I usually don't blog about pilots or stewardess' anymore for a couple of reasons. 1, it may be a luck thing which is odd since I don't believe in luck. And 2, the blogs about airline personnel can get pretty rude pretty quick. It’s similar to the old adage about no news is good news. If I don't blog about them it's usually because I've had some good experiences, but nobody wants to read a blog about how the really hot stewardess gave me two bottles of scotch for free and poured them while sitting on my lap laughing the whole time at every joke I made. Everybody (the hordes of thousands) want to read about the travel train-wrecks.
I don't want to disappoint you but this one is more of an obvious humorous observation.
Here goes:
My head flight attendant, Sally is so pale I would understand why she only works red eyes like the one I'm on. I mean she is so pale if you look real hard you can see her heart beating. Like Edward Cullen's aunt kind of pale. I raised my window shade so I could read some paperwork, and she made what sounded like a cat's hiss. Not to be too mean, but I think she may drink blood for sustenance. The 2nd flight attendant is Sue who is about 45 or so and is ridiculously cross eyed. Like so cross eyed that when she put on the air mask it looked like she was staring intensely at the center of it. There ought to be a couple of litmus tests one ought to take or a few questions a person should ask themselves before taking on a career that puts you in front of people every day. One question would be, “Am I so cross eyed that I could be an extra on an Optomologists commercial fixing such terrible ailments?”. Number 2 would be “If the areola on my breasts are the same width as a big gulp cup or let's say a deflated whoopee cushion, I probably shouldn't wear white shirts with thin bras. Oh and I'm really really cross eyed.”

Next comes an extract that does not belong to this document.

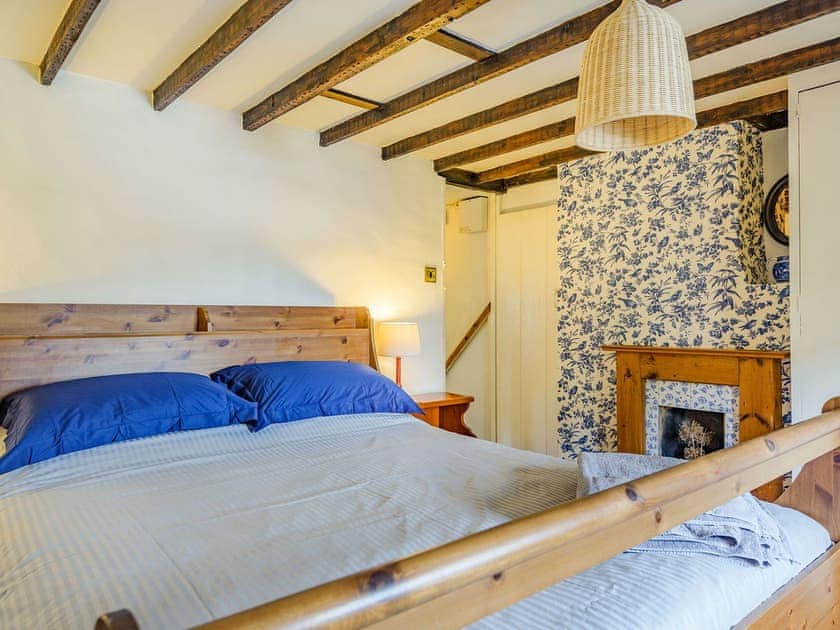 Double bedroom | Shepherds Cottage, Steyning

Lastly I would be remiss if I didn't mention Pablo. Pablo has squinty eyes. Like there really may be something to this red eye thing. Anyway squinty eyed Pablo first caught my attention because he was scratching his forehead and crotch at the same time, like he was in a weird contest like the patting the head, rubbing the tummy thing we all used to do. Squinty eyed Pablo is about 55 and has a few things about him that I thought you would like to know about. You know each spring when you walk outside and see those giant black furry fuzzy catepillers on the sidewalk, just taking their sweet time to get across? Yeah well Pablo has those as eyebrows. Longest I’ve ever seen. I wanted to tell him during the flight, “I must photograph you. The world must know about your eyebrows.” I didn’t. I’m just writing about him. They were an inch at least from top to bottom, as wide as his eye socket, and they went two inches away from his brow. They also kinda flipped up at the end, like they were going to catch something falling off his forehead. Also he has a lisp. Most male flight attendants do. I fly so much I almoth do. Almoth. Thee what I mean? Anyway, Lisps either get worse with age, or Pablo hath a “Speath Impediment”.